Further, the Assembly would express serious concern over severe sanctions
imposed on citizens repatriated from abroad, as well as severe restrictions
on the freedom of religion, expression, and assembly. Additionally, it would
express serious concerns about limitations imposed on the free movement of
people within the country and abroad, continued violation of the human
rights of women through trafficking for prostitution or forced marriage,
forced abortions and infanticide of children of repatriated mothers, and
unresolved questions relating to the abduction of foreigners.
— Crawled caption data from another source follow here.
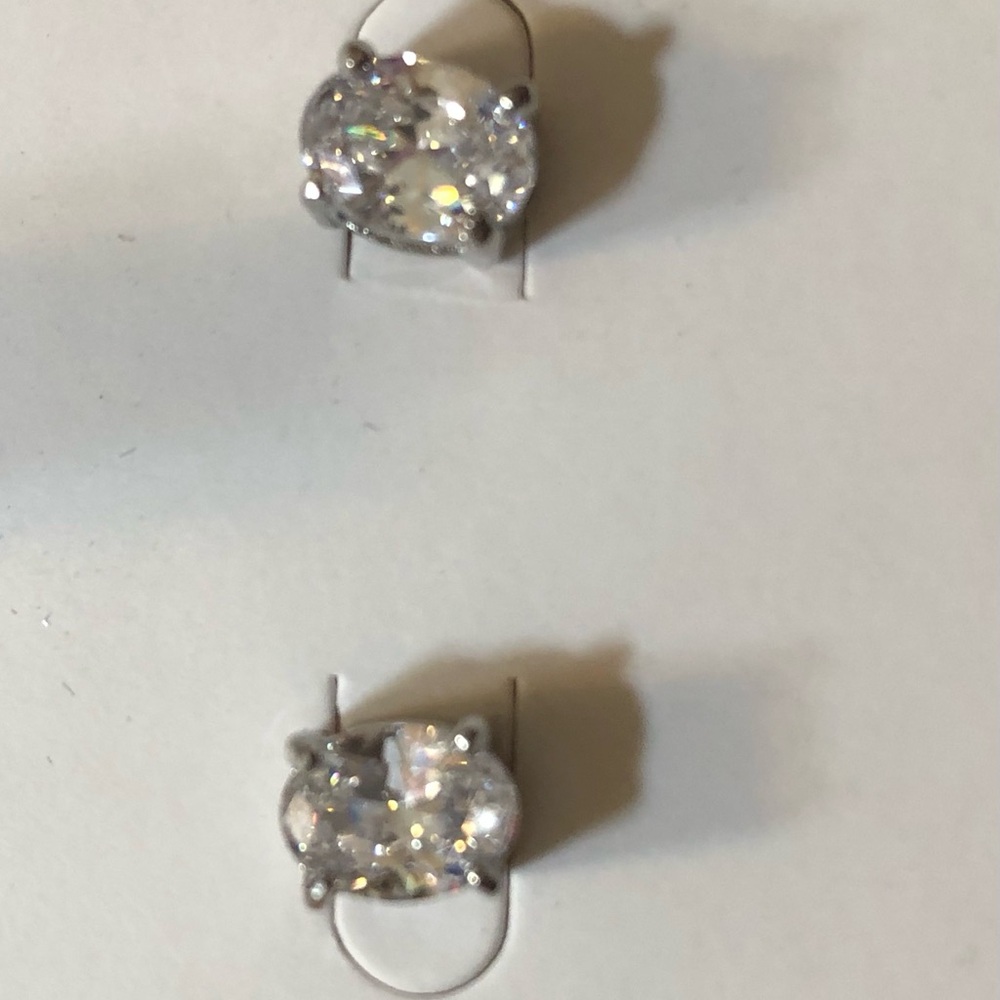 Diamonique Sparkling Silver Earrings - Picture 2 of 4
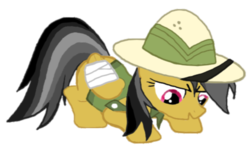 Size: 500x301 | Tagged: safe, artist:blank hooves, daring do, pegasus, pony, g4, bandage, hat, simple background, solo, transparent background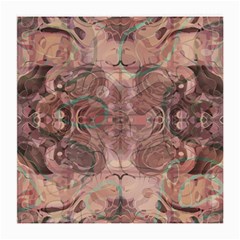 Tea Rose Pink And Brown Abstract Art Color Medium Glasses Cloth (2 Sides) by SpinnyChairDesigns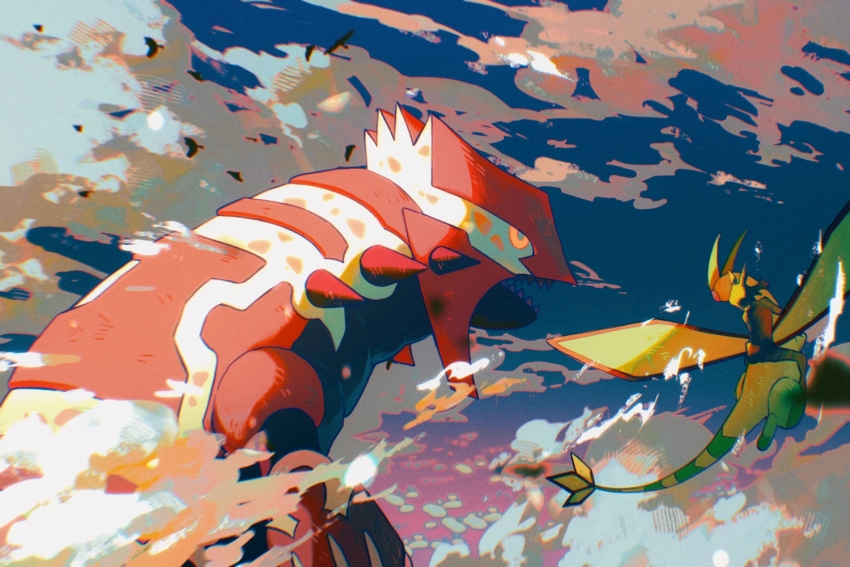 1girl cloud flygon flying gen_3_pokemon groudon legendary_pokemon may_(pokemon) nintendo open_mouth orange_eyes pokemon pokemon_(creature) pokemon_oras primal_groudon riding riding_pokemon sharp_teeth spikes teeth wulie_errr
Further, the Assembly would express its concern that the Government has not
engaged in technical cooperation activities with the OHCHR. It would express
its deep concern at the precarious humanitarian situation in the country, in
particular the prevalence of infant malnutrition. The Assembly would urge
the Government to ensure that humanitarian organizations, particularly the
World Food Programme (WFP), have safe and unimpeded access to all parts of
the country. (...)
SIN SONG CHOL (DPRK) speaking before the vote, said his delegation
categorically rejected the draft resolution on the human rights situation in
his country. The text had been tabled by the European Union as a part of a
"political plot" against his country by the United States and its allies.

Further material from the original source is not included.